> **Recorded data**
-=-=-=-=-

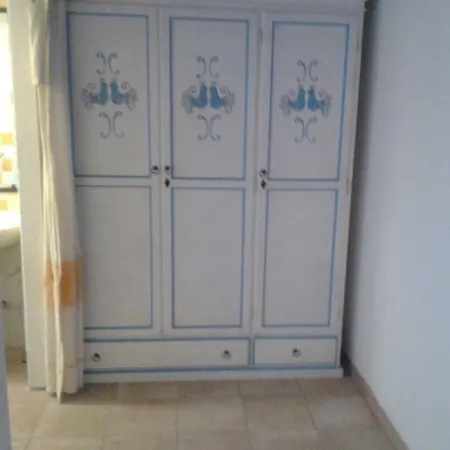 Il Rifugio Capo Comino Синискола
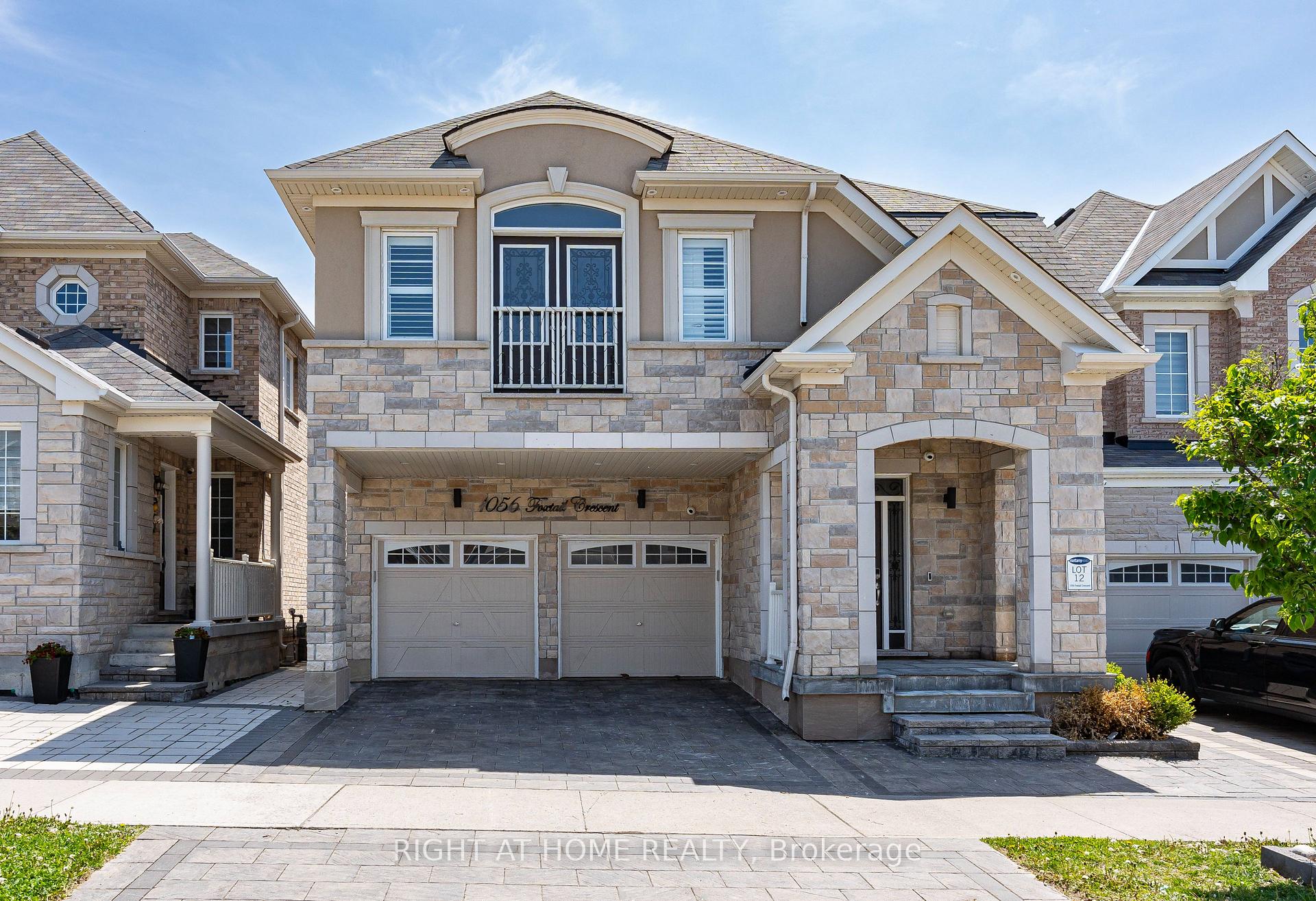 1056 Foxtail Crescent, Pickering, ON L1X 0E7 — Pickering, Ontario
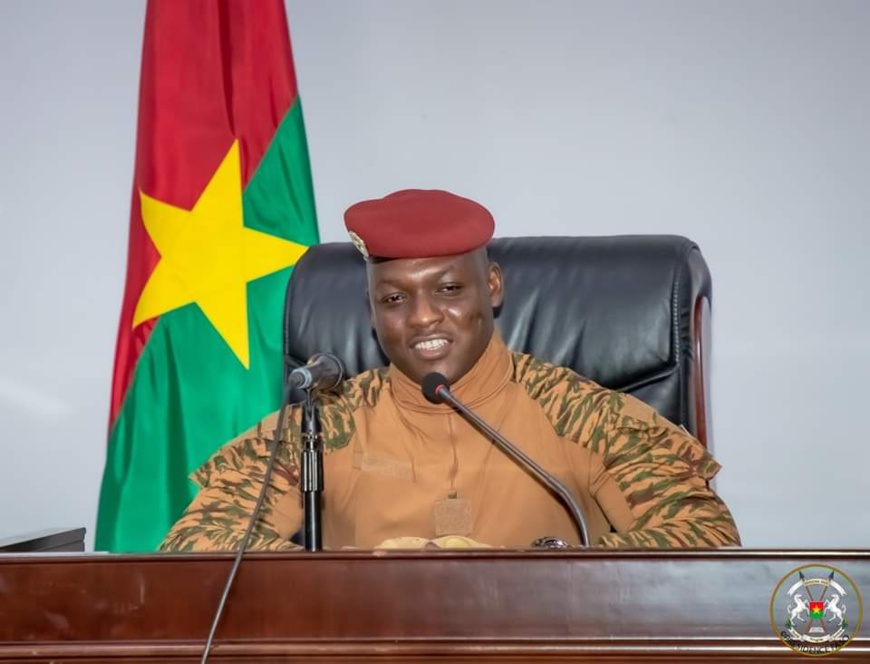 Burkina : « Le pays a plus que jamais besoin de vous » (le président Traoré aux personnes âgées)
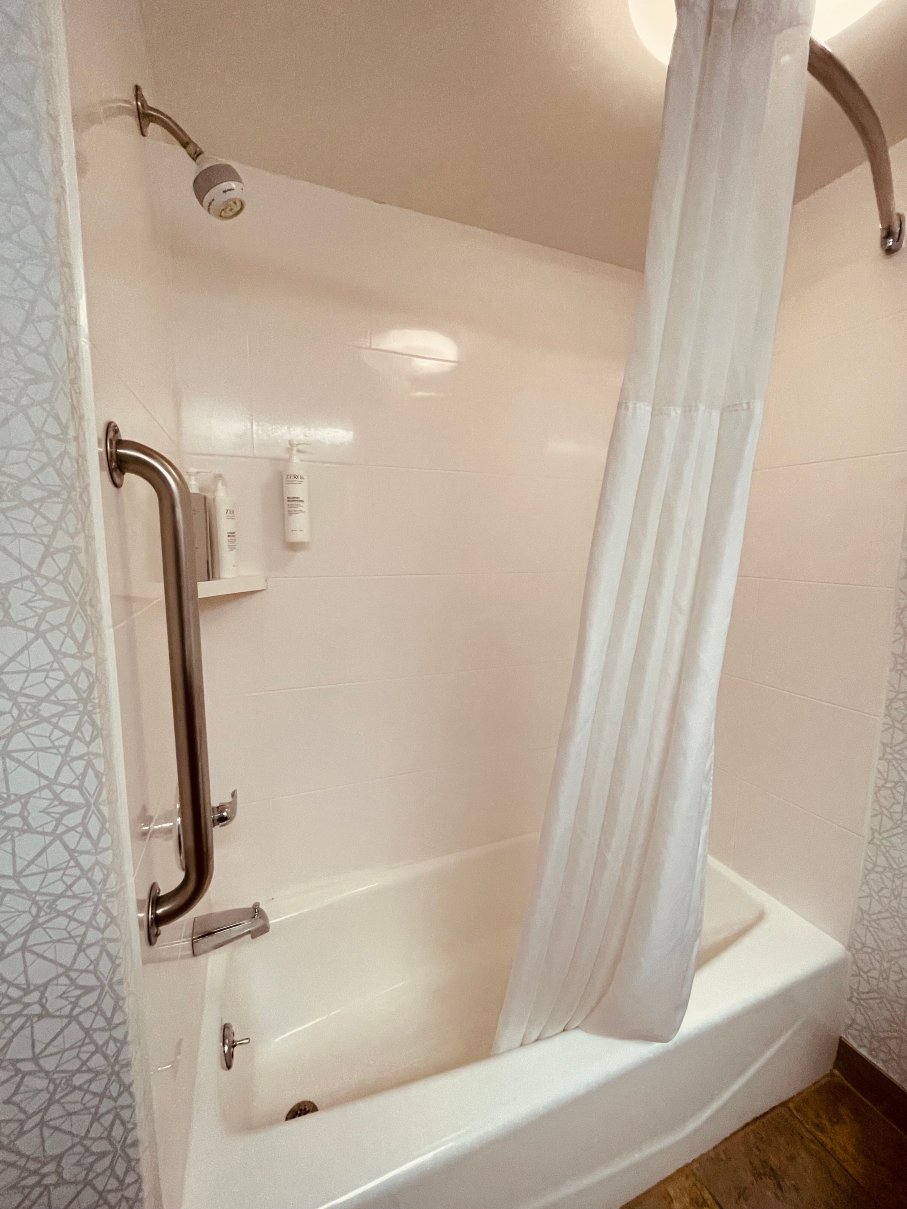 Hampton Inn Carrollton-浴室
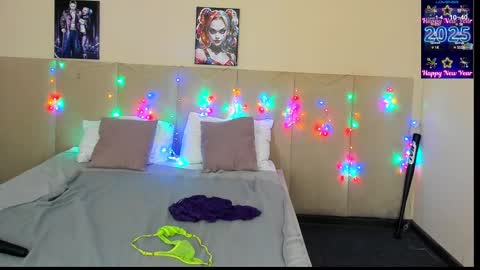 Snapshot of musclexxxbarbie chatting on 02-11-25, 08:37 Eva online show from 02-11-25, 08:37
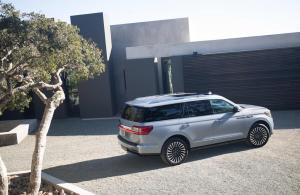 2017 Lincoln Navigator Black Label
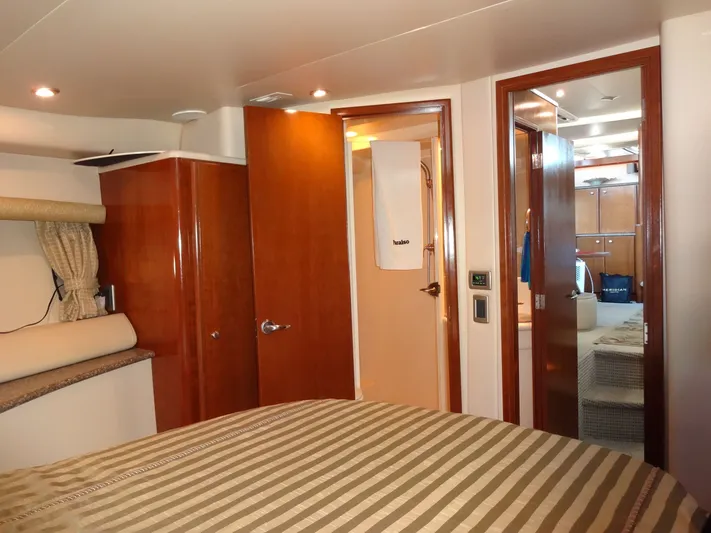 Paraiso Yacht Photos Pics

-=-=-=-=-

> **How to complete this task**
Set every entry down again word for word, but not the pictures.

> **Answer section**
 Il Rifugio Capo Comino Синискола
 1056 Foxtail Crescent, Pickering, ON L1X 0E7 — Pickering, Ontario
 Burkina : « Le pays a plus que jamais besoin de vous » (le président Traoré aux personnes âgées)
 Hampton Inn Carrollton-浴室
 Snapshot of musclexxxbarbie chatting on 02-11-25, 08:37 Eva online show from 02-11-25, 08:37
 2017 Lincoln Navigator Black Label
 Paraiso Yacht Photos Pics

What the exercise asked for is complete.